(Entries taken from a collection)
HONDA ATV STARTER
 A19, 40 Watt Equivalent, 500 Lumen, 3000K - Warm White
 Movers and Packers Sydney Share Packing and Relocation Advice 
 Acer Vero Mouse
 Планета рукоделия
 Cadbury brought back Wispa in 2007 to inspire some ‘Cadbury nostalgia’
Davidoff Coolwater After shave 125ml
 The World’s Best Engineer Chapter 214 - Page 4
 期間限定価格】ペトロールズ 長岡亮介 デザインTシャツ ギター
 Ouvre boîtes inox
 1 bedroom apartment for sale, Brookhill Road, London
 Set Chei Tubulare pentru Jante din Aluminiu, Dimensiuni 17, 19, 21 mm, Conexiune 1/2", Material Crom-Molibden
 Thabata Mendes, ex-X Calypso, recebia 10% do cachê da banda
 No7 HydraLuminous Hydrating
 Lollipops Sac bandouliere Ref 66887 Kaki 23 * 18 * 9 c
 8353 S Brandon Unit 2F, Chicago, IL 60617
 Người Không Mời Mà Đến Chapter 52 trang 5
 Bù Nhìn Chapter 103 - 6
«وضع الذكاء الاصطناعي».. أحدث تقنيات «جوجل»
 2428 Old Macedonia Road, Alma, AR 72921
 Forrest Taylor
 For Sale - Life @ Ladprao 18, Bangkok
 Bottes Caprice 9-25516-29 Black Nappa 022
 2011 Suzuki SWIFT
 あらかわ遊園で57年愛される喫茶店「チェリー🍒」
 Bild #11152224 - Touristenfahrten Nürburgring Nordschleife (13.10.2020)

Work instructions: Check each line of the records for the string "Road" and state how many lines contain it. Give only the number.

Exercise output: 2